Sacramento has secretly assembled some of the best young professionals in the nation and we want to share that secret with everyone! Metro EDGE is proud to highlight some of our area’s best YPs and let you in on all they know. What are they up to? How did they get here? What do they want for Sacramento's future? Find it all out here.
We kicked off the features yesterday with Justin Wandro of Sacramento's Loaves and Fishes and a Sacramento Box entrepreneur. Up next is Kimberly Garza, who is activating space in Sacramento with PORTAL.
Speaking with Kimberly Garza, project manager for Quadriga Landscape Architecture and Planning, can be intimidating if you let it. She holds degrees from Harvard and the University of California, Berkeley, is co-founder of her own design and research company ATLAS, and phrases like “tactical urbanism,” roll off her tongue with ease.
Garza’s intelligence is obvious but she also immediately projects her passion to improve Sacramento through design, and her willingness to connect with people. She has previously worked for major architecture firms in places with more notoriety including San Francisco and Boston, but has decided to return to the city she grew up in to make a difference. Traditional ideas of climbing the corporate ladder be damned.
“I’ve always had these stepping stone goals – Berkeley, Harvard, major firm, my own practice – but now that has become just the desire to create spaces people want to be in,” Garza said.
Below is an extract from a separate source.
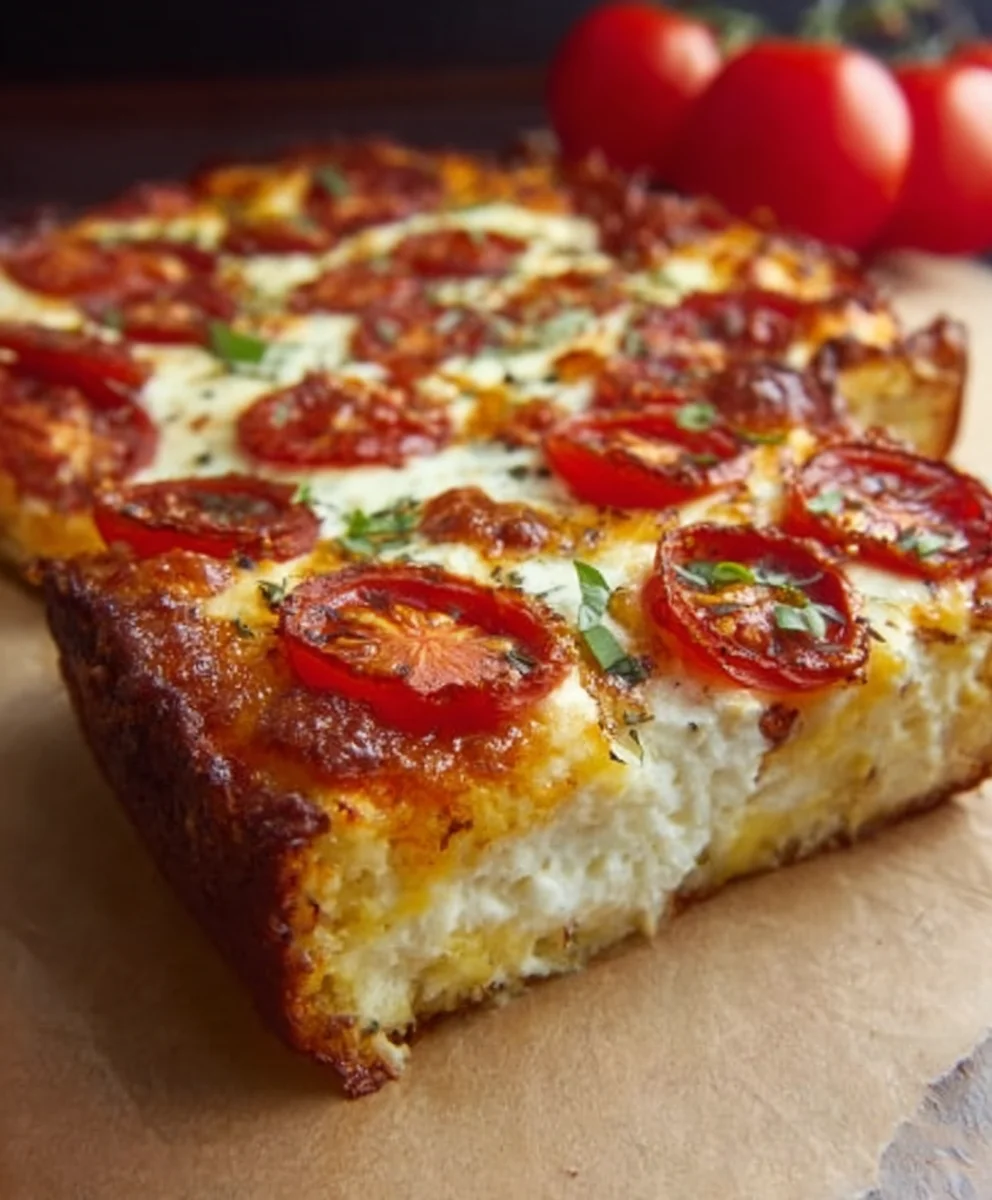 Pizza Cottage Cheese Bake- Easy & Delicious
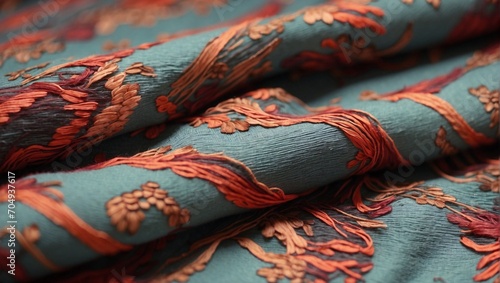 background textile, fabric, embroidery, tapestry, jacquard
She has designed everything from private homes to community master plans, won major competitions including the International Sacramento Capitol Mall design competition, and tested her tactical urbanism chops by creating temporary spaces that have attracted the imagination of city dwellers where she previously lived and worked.
Now enter PORTAL, Garza’s latest project in partnership with the Capitol Area Development Authority, Quadriga, and Tre Borden, a Sacramento communicator and connector. PORTAL is a temporary art installation in the form of a steel-framed arch covered in LED lights near the Ice Blocks development between 17th and 18th streets. The creation has been a magnet for the community, with groups hosting yoga sessions, performances, lectures and more at the site.
For Garza, her idea for the PORTAL was to inspire people to reach out and make connections. To put in a low-cost installation where ideas could be tested, to see what the community is interested in, if they would support causes and events in the space.
By any measure it has been a resounding success, attracting a diverse array of organizations and people to a place that otherwise would sit vacant until redevelopment was complete.
“Everywhere is an opportunity to do something. It just takes someone to draw up the idea and get it moving,” Garza said. “PORTAL is a call to action.”
Metro EDGE’s 916 block party will be the art installation’s last hurrah on R Street before moving to TBD Fest for the weekend. Plans for the piece after that are being developed but Garza can’t wait to continue improving downtown and beyond by activating dormant spaces.
Where others see alleyways, vacant lots, and seas of concrete, she sees parklets, pop-up parks and gathering spaces
“I want to make incisions into Sacramento’s urban fabric,” said Garza. Using PORTAL as an example, she’s well on her way.